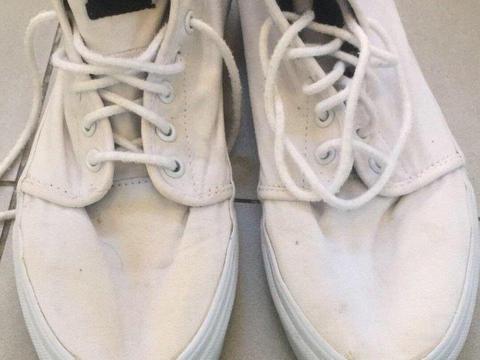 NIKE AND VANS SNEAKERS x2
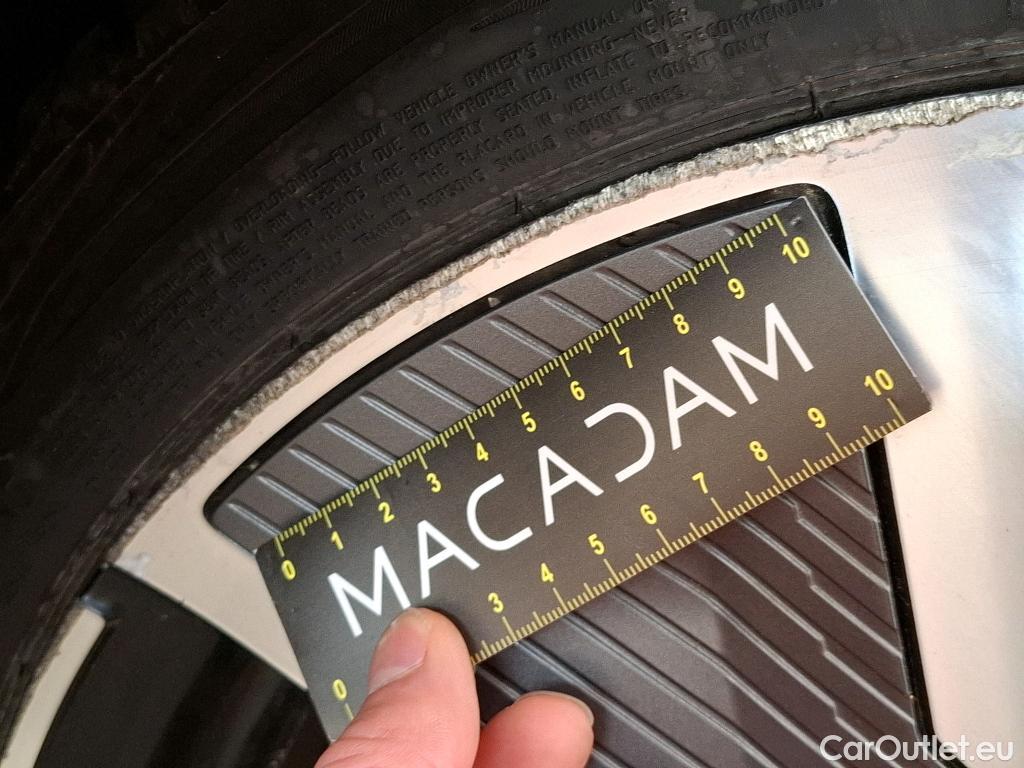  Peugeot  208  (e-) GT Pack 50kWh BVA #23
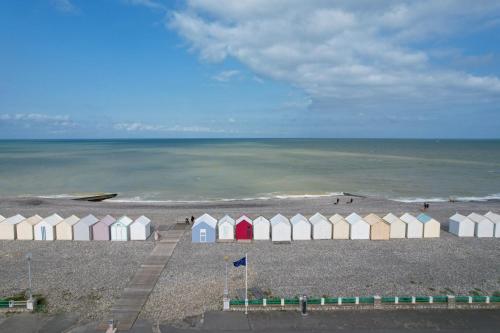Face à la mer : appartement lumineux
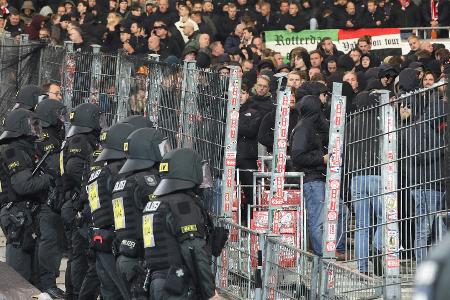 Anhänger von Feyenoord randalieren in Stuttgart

--

→ What to do:
Only the pictures are to be left out; copy all the remaining material above exactly.

→ Response below:
 NIKE AND VANS SNEAKERS x2
  Peugeot  208  (e-) GT Pack 50kWh BVA #23
Face à la mer : appartement lumineux
 Anhänger von Feyenoord randalieren in Stuttgart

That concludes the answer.